Yeah, I think you just need to invest a small amount of time to set up your clients and servers, and you reap the benefits for a long time.

I use https://github.com/jrockway/opinionated-server as the foundation of my server-side apps. I thought about monitoring, tracing, and logging once... and then get it for free in every subsequent project. I explode the app into my cluster, and traces are immediately available in Jaeger, I can read/analyze my logs, and it's all a pleasure to debug. I think everyone should just have their own thing like this, because it's definitely a pain to do it more than once, but a joy once you have it working.

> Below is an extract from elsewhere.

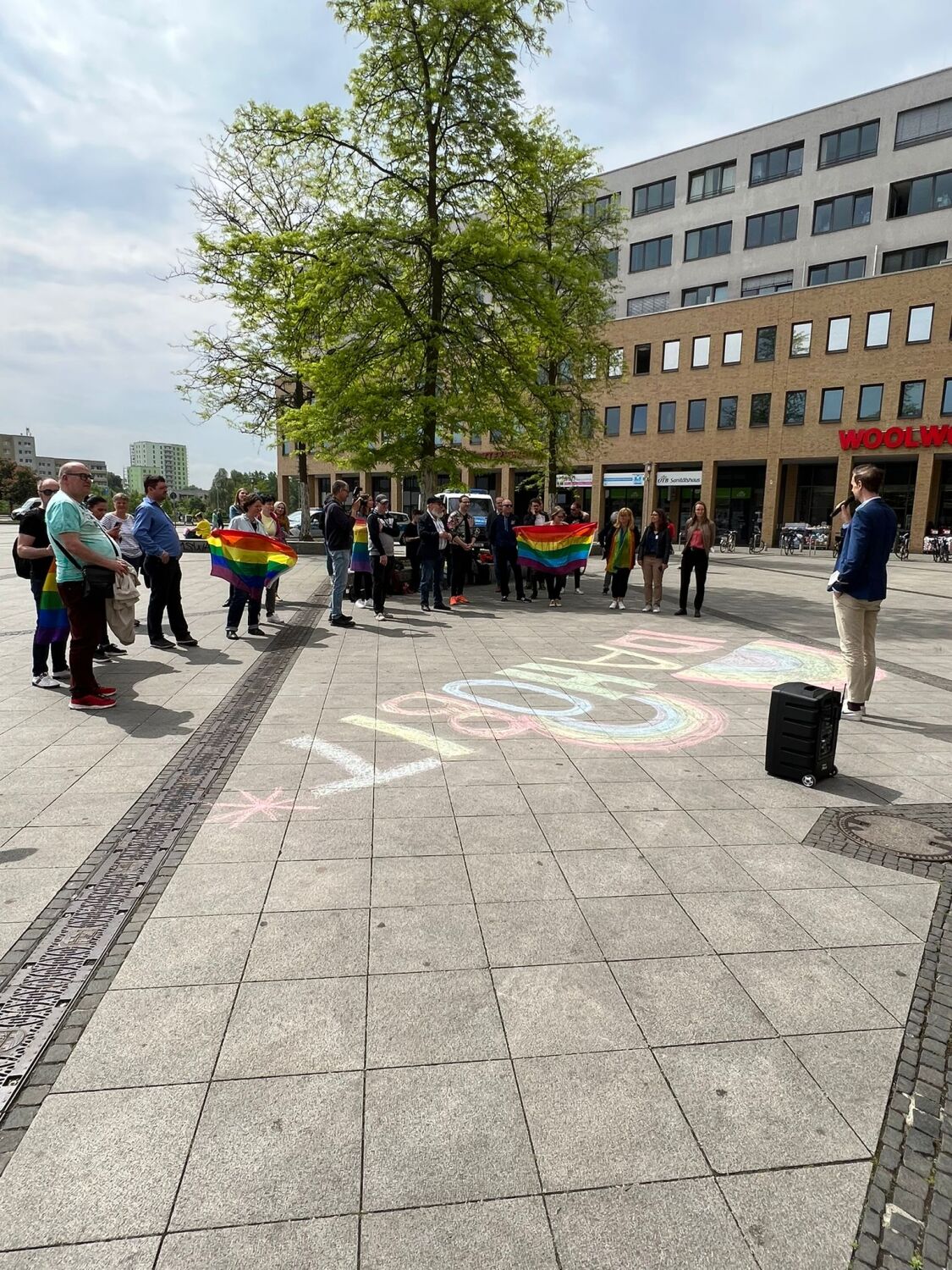 Fahnenhissung anlässlich des Aktionstags IDAHOBIT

(My thing specifically is missing some things I now need, though, like multiple loggers so you can turn on/off rpc tracing at runtime, support for auto-refreshing TLS certs from a volume mount now that everything is mTLS, etc. Will be added when I am less lazy ;)

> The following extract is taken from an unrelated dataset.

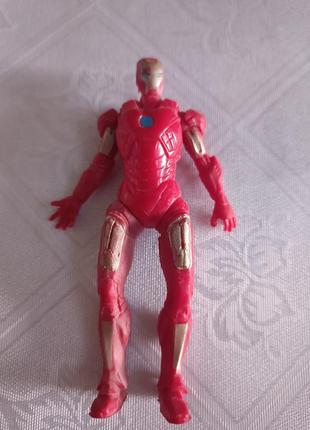 Игрушка *железный человек*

While I'm here I'll also plug https://github.com/jrockway/json-logs for making the structured logs enjoyable to read. You can query them with jq, it understands all the popular JSON log formats, and I can't live without it. It's the only client-side app I've ever written that passes the "toothbrush test" -- I use it twice a day, everyday. Recommended ;) (Someday I will write docs and an automated release process.)

There's always two sides to extensibility. One the one hand, you have the opportunity to do it your way. On the other, you have to do it. The extreme of extensibility is always an empty file. You get to pick the language and the architecture and everything!

I've started implementing some of this at my job. We have an internal proto that describes the config of a gRPC service. We then have a library for all of our languages that turns that proto into a Channel that's instrumented with everything from middlewares to low level socket settings (keep alive, idle timeouts, retries, hedging, etc). Makes our deployments super easy as well since every service is configured to talk to every other service in almost a 100% identical way.

I've only used grpc for C# talking to C++ and wanted to plug this in, saw other users posting about injectors - so gonna look into it :) - I really want to avoid yet another proxy/"service-mesh" process for something that could be done on the client side (I wish I could inject the http2 library to propagate this always with headers somehow, but it's not a single thing, also too low level for me - Tools/app developer pretty much)

jeffbee, actually, you do and it works well, you don't have to do more than use a library. You get it out of the box in GCP. It works with Opentelemetry / OpenCensus Dapper was not embedded in Stubby either.